Chef’s Notes & Tips for Success
Keep Everything Cold: The secret to a flaky crust is keeping the butter cold. If the dough becomes too soft or sticky while you’re working with it, pop it back in the refrigerator for 15 minutes.
Don’t Overfill: Using too much filling is the primary cause of empanadas bursting open during baking. Stick to 2 tablespoons per empanada.
Thoroughly Cool the Filling: A hot filling will melt the butter in the dough, making it greasy and difficult to handle. Ensure your pumpkin mixture is completely cool before assembling.
Make-Ahead Friendly: You can assemble the empanadas, place them on a baking sheet, and freeze them solid before transferring to a freezer bag. Bake from frozen, adding 5-10 minutes to the baking time.
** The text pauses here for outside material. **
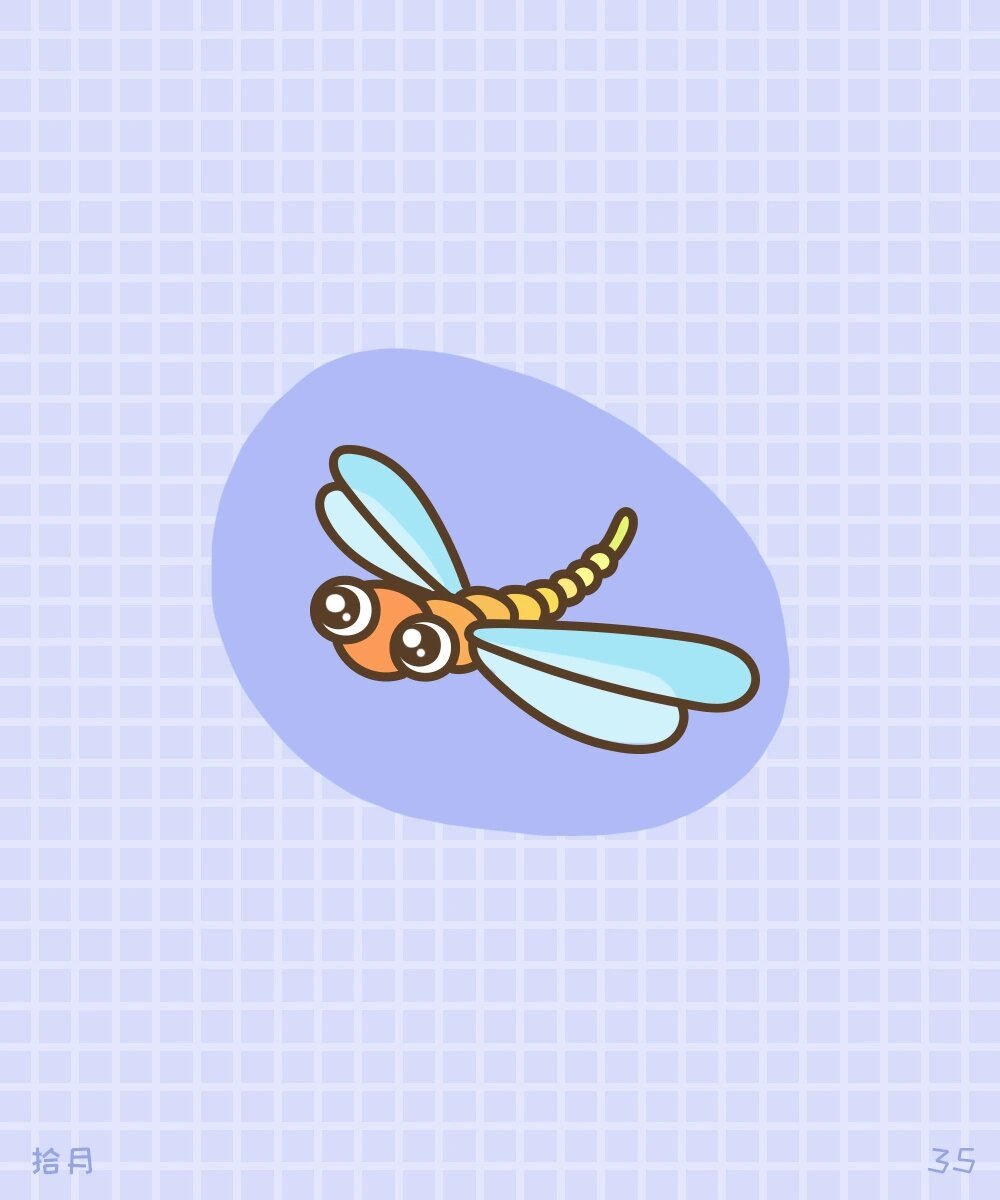 简笔画教程·动物系列·蜻蜓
Serving Suggestion: Enjoy these pumpkin empanadas warm with a dusting of powdered sugar, a drizzle of cajeta (goat’s milk caramel), or a scoop of vanilla ice cream. A cup of strong coffee or hot chocolate is the perfect accompaniment.
Lasts For:
Room Temperature: Up to 2 days in an airtight container.
Refrigerator: Up to 5 days. Reheat in a 300°F (150°C) oven for 10 minutes to regain crispness.
Freezer: Baked or unbaked, up to 3 months.